May 26, 2026 • Max Trivedi
Tl:Dr: This essay is an attempt to answer at which point it becomes more economical to hire an engineer in a cheaper country and give them DeepSeek/local-AI API key vs using Frontier closed-source LLMs and concludes that at the very least, this dynamic puts a price ceiling on the frontier lab offerings. We use DeekSeek as a proxy for localAI costs.
We keep hearing that the inference costs are supposed to be on a downward trajectory but they are evidently not, not for the frontier US labs anyways.
GPT 5.5 ($5/$30) that released less than 2 months after GPT-5.4 doubled the API pricing across the board. GPT 5.5 costs over 3x of what GPT-5 cost 8 months ago ($1.25/$10).
Gemini 3.5 Flash ($1.50/$9.00) tripled the API pricing across the board over its predecessor Gemini-3-flash-preview ($0.50/$3.00) which was already price-hiked from its predecessor 2.5 Flash (0.30/$2.50)
Anthropic released Opus-4.7 with a new tokenizer that effectively increased the token consumption by 32% to 47% over its immediate predecessor Opus-4.6.
How do the frontier OSS and closed source models compare
For this comparison, we used a ‘blend token consumption ratio’ that assumes that for every 1M input (plus cached) tokens, there are 50k output tokens (just under 5%). This is a conservative estimate if anything since large agentic loops are dominated by reads due to the large number of turns.
Then we take the caching into account for each provider (source: openrouter.ai) and compare the average blend price per million agentic tokens.
| Provider | Input Price ($/1M) | Output Price ($/1M) | Cache Hit Rate |
|---|---|---|---|
| Anthropic | $1.57 | $25.00 | 79.6% |
| OpenAI | $1.30 | $30.22 | 84.8% |
| DeepSeek | $0.055 | $0.870 | 88.1% |
Anthropic: $1.57 + $1.25 = $2.82
The current closed source frontier models are more capable than the latest from DeepSeek. But is the capability difference enough to justify a 30x price difference?
When combined with a decent human engineer, the OSS LLMs don’t need to be frontier, they just need to be good enough for coding use-cases which they already are.
Token Consumption Trend
The precise data is hard to find but the tokenmaxxing trend has only accelerated in recent months and years (https://blog.pragmaticengineer.com/the-pulse-tokenmaxxing-as-a-weird-new-trend/). Every good engineer I know agrees that it is stupid to goal on the tokenmaxxing but that’s a conversation for another essay. For better or worse, the token consumption has massively gone up (as is also evident by persistent shortage of GPUs).
So, we have a rising token consumption combined with rising per token pricing, as the US frontier labs push to capture more value.
(Human + an almost frontier LLM) vs Frontier LLM
We wrote a very long essay comparing human engineers vs AI agents on 12 different axis (https://www.signalbloom.ai/posts/why-task-proficiency-doesnt-equal-ai-autonomy/). The conclusion was that AI agents already overtook humans in coding and soon will overtake in scoped debugging but the for the other important skills required for good engineering (or being a good independent agent on anything), AI is still quite behind and the current statistical architecture will need to be augmented or replaced with some other breakthrough to solve problems. Some examples: long-term memory, Meta memory (being able to tell with certainty what you know and what you don’t), Evidential Sufficiency Assessment (whether there is enough evidence to act) and so on.

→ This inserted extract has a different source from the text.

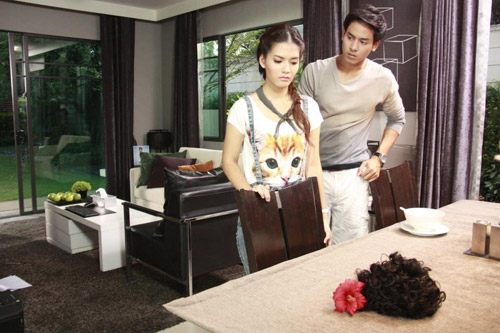 น้องอลิซสาวหน้าใสจากเงาะแท้แซ่ฮีโร่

The present generation of frontier LLMs are exceptionally good at task handling, but task efficiency does not mean AI autonomy.
Possible future directions
Getting to the main point of this essay, below is a chart projecting at what point does an engineer in a cheaper country + a capable enough model become a better value for money than the top frontier model.
Frontier inference vs. cheap engineer + DeepSeek
Monthly cost over time, as token consumption, salaries, and model prices shift
Frontier model (inference only) Engineer + DeepSeek
Opinion
There are obvious simplistic assumptions in this chart such as the future price of the inference, the token consumption trends and more. There is also reflexivity - the actors in any market change their own behavior based on what they observe in the market. All of those are hard to factor in.
We have also ignored the fact, which would have made the comparison even more appealing to local models, that local models are getting better at a dizzying pace and more and more inference hardware is coming online in the coming months/years.
However, the deeper point we are trying to make is, the AI’s rising costs can only go so far before they become a concerning cashburn for enterprises and become a significant portion of the overall spend. This keeps a ceiling on how much or how fast the frontier labs can raise prices.